Die Bälger schlafen abends endlich in den kuschelweichen Satin-Baumwoll-Aktiv-Gemisch-Bettwäschen, nachdem Frau H.  zum Abendessen für sie die selbstgezauberte Lasagne aus der Aluguß-Hybrid-Form (43,-€ incl. Versand) gemeißelt hat. Nun sitzt sie mit der elektrischen Lamm-Imitat-Decke aus vorgereinigten Neuseeland-Nylonfaden auf dem Sofa und schaltet ihren Lieblingssender mit der 30 in 1 – Fernbedienung incl. LED Lampe zum Lesen der TV Zeitung ein.

Ihr Star Designer Roberto Samtino lässt heute wieder Hausfrauen wie Frau H. (nur zwei Kleidergrößen umfangreicher) mit sicherer Hand über den mit frischen Plastikblumen dekorierten Sperrholz-Laufsteg wanken, verführerisch die unter Taft und Tweed versteckten Hüften schwenkend. Nur Eingeweihte können erkennen, dass diese Freizeit-Models zwischendurch auf Norbert Kehlig blicken, der als Regisseur verzweifelt hinter der Kamera Tipps zum unfallfreien Ablauf der Veranstaltung flüstert  („Frau Kuhn! Links, rechts, links…, nein: links!“).

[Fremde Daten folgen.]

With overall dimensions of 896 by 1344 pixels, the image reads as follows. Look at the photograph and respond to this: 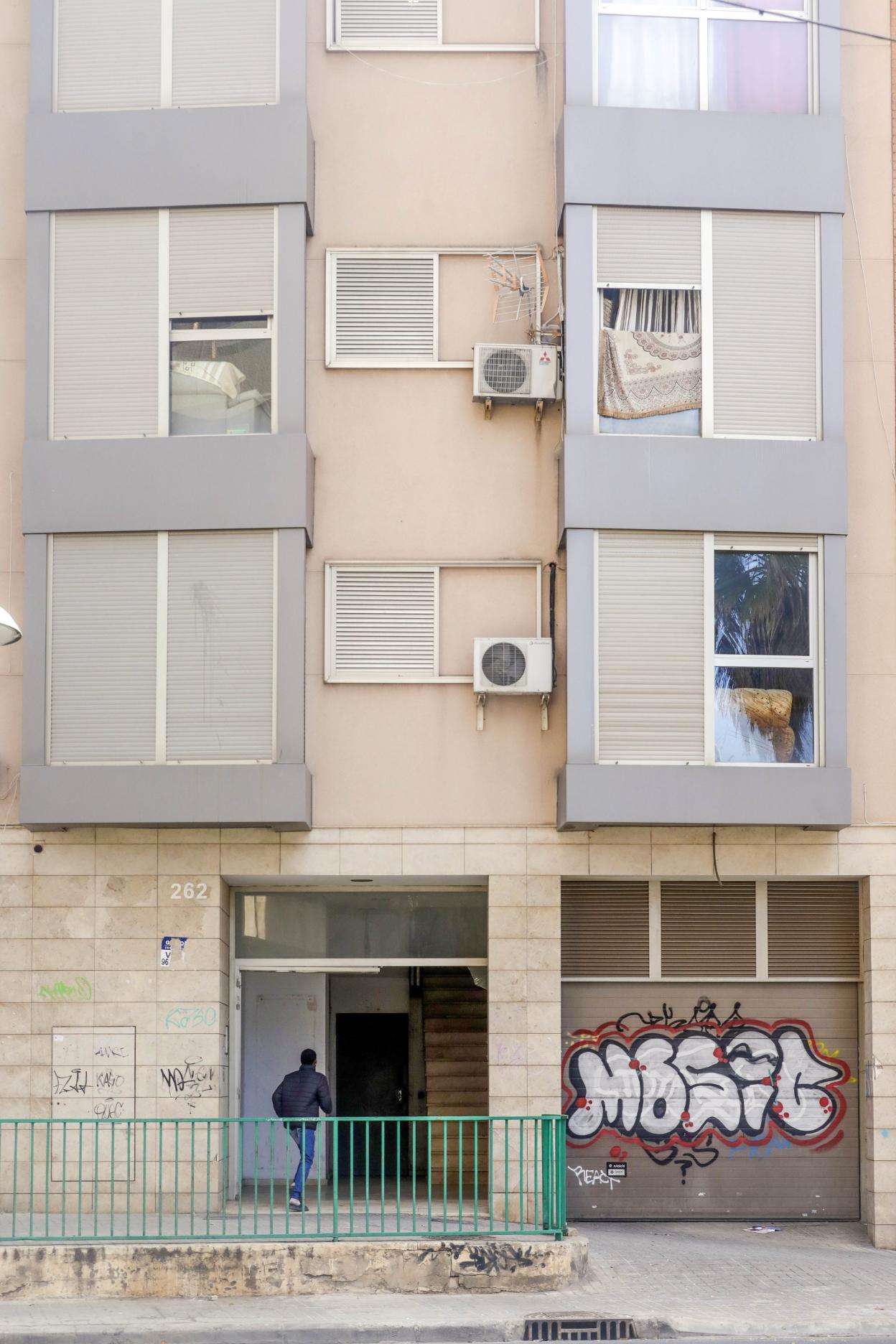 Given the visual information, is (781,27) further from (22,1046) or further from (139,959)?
(22,1046)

„Marüa, nu zeisch disch nochemal von vorn, nischewahr, dou Hollde, dou.“ Ja, man nimmt bei dem braunverbrannten Designer Roberto aus Mailand das Sächsische kaum noch wahr, das muss man gestehen. Frau H. ist aber auch wirklich abgelenkt. Allzu fließend gleitet der Taft, zu bunt sind aber auch wieder die Designs im frischen und doch zeitlosen Frühlings-Look.
Zu ihrem Schrecken bemerkt  sie aber da doch unten rechts eingeblendet, dass wirklich nur noch 256, nein..250, 247…oh Gott….!  Jetzt heißt es handeln. Nachher hat Frau Riebenkötter von nebenan wieder das vorletzte Stück ergattert, wie neulich bei den Entsaftern mit Gurken-Aufsatz.
Mit zittrigen Fingern drückt sie die Hotline-Taste (mittlerweile gespeichert) und bestellt das Frühlings-Ensemble, dreiteilig, mit angehäkelten Mäusezähnchen und Nappa-Kragen zum einmaligen Sonderpreis von 345,-€ incl. sofortigem Versand.

Völlig fertig und selig entgleitet sie in den Schlaf und stellt den Wecker vorher noch auf 23.30 Uhr, wenn es bei KPU wieder heißt „Schätze der Welt für Sie zuhause!“. Vielleicht werden ja die aus Quartz-Koralle geschnitzten  Wildtiere der Serengeti als echte Wertanlage für später doch mal im Preis gesenkt….das Warzenschwein in 1000er Auflage aus der ersten Sendung hatte sie für günstige 123,50€ plus Versand natürlich sofort bestellt. 
Nun sieht es aus der Schrankwand auf sie herab und wünscht gute Nacht.